Data excerpt:
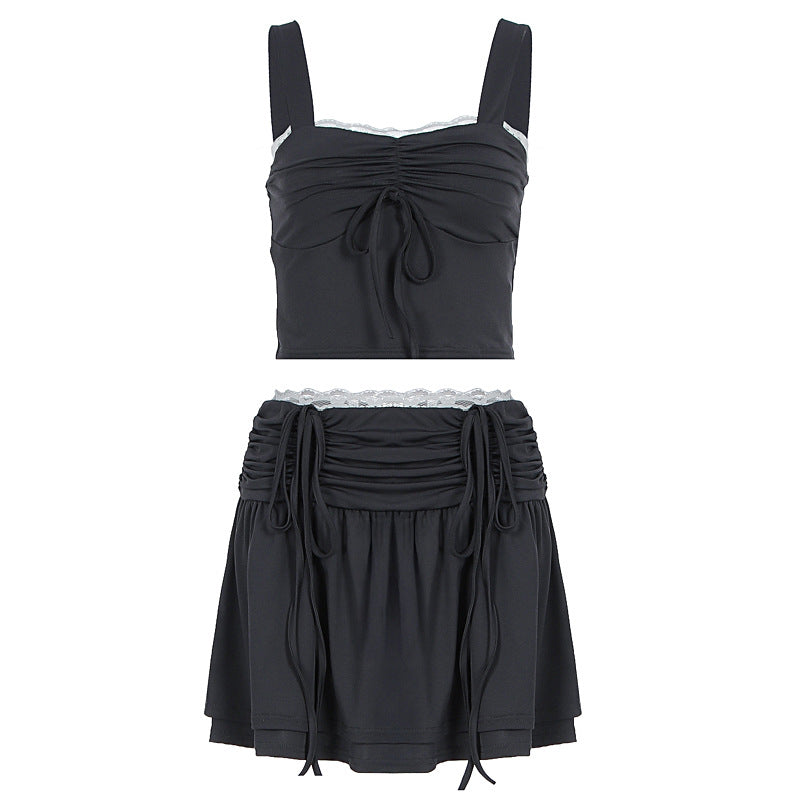Women's Fashionable Crop Top and Skirt Set with Ruching and Tie Details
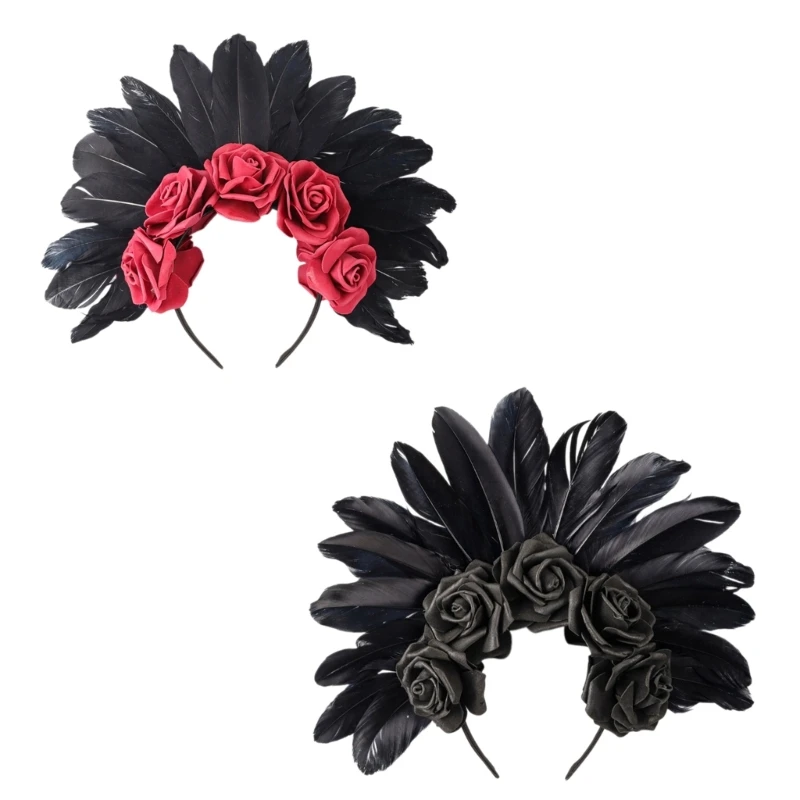 

New Unique Halloween and Flower Hair Accessory Headband Hair Decoration for Themed Parties and Role Playing Event
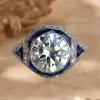 Art-Deco 3.8ct Round Cut Engagement Ring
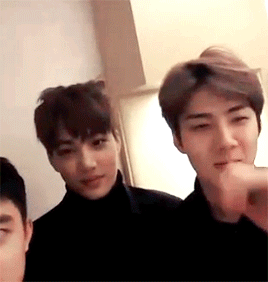 shining-petal:  exo v app 2016 new year’s greeting - sehun’s sick and jongin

The problem:
In the printed copy, the material above must appear unchanged and without its pictures.

Task result:
Women's Fashionable Crop Top and Skirt Set with Ruching and Tie Details

New Unique Halloween and Flower Hair Accessory Headband Hair Decoration for Themed Parties and Role Playing Event
 Art-Deco 3.8ct Round Cut Engagement Ring
 shining-petal:  exo v app 2016 new year’s greeting - sehun’s sick and jongin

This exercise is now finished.